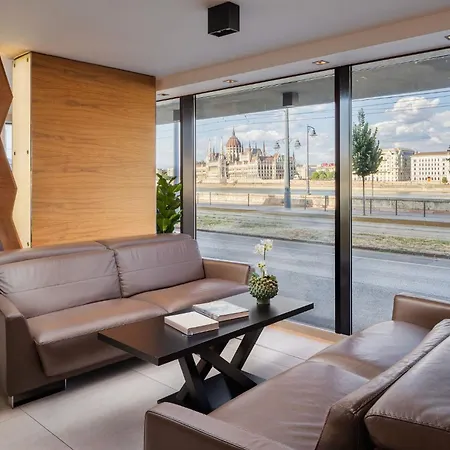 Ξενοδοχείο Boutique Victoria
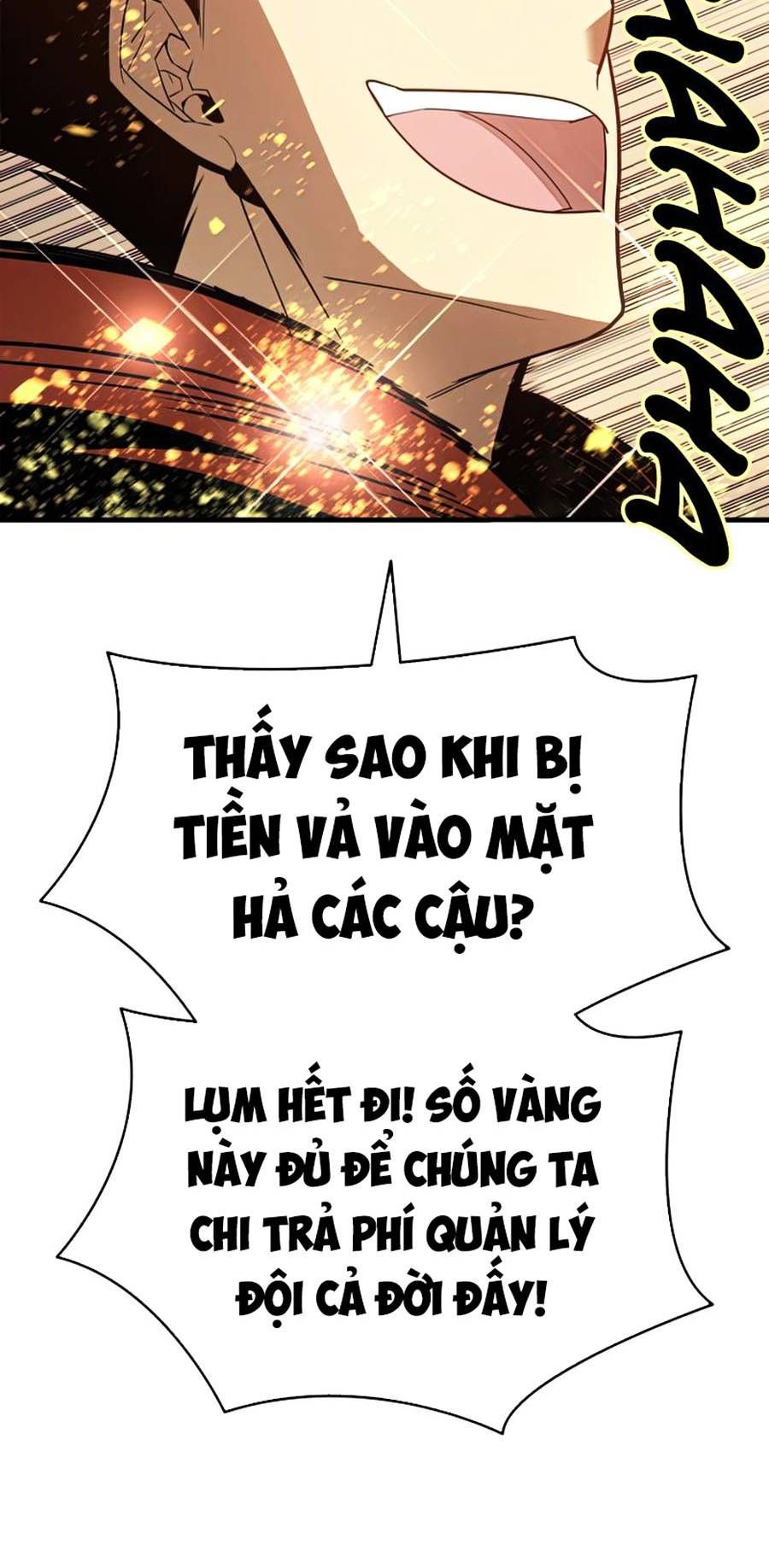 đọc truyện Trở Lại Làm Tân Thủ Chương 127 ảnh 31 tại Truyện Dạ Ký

==*==

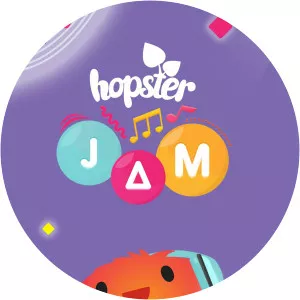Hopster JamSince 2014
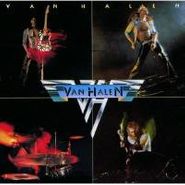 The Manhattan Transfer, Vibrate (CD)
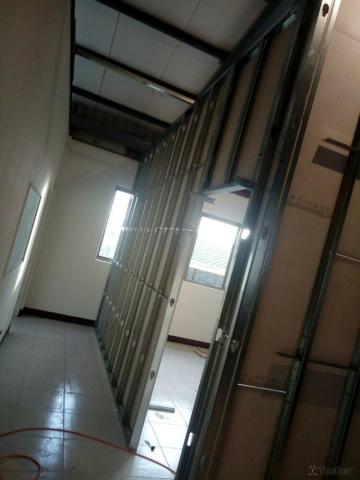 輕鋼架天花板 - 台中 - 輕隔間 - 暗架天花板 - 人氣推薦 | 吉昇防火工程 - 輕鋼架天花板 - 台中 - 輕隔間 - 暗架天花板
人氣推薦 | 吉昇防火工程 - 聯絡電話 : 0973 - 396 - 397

==*==

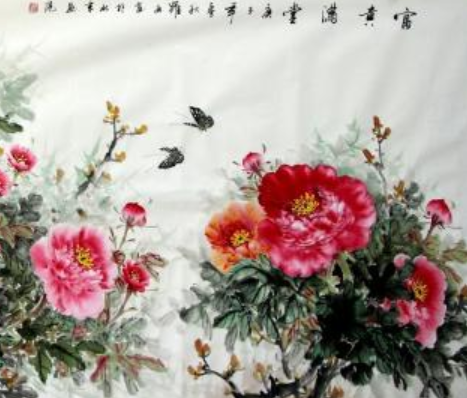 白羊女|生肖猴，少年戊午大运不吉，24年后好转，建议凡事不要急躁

==*==

What you need to do:
Quote the lines above exactly, starting with the one that has "Hopster JamSince 2014" and ending with the one that has "人氣推薦 | 吉昇防火工程 - 聯絡電話 : 0973 - 396 - 397"; drop the pictures and include nothing else.

Reply to the exercise:
Hopster JamSince 2014
 The Manhattan Transfer, Vibrate (CD)
 輕鋼架天花板 - 台中 - 輕隔間 - 暗架天花板 - 人氣推薦 | 吉昇防火工程 - 輕鋼架天花板 - 台中 - 輕隔間 - 暗架天花板
人氣推薦 | 吉昇防火工程 - 聯絡電話 : 0973 - 396 - 397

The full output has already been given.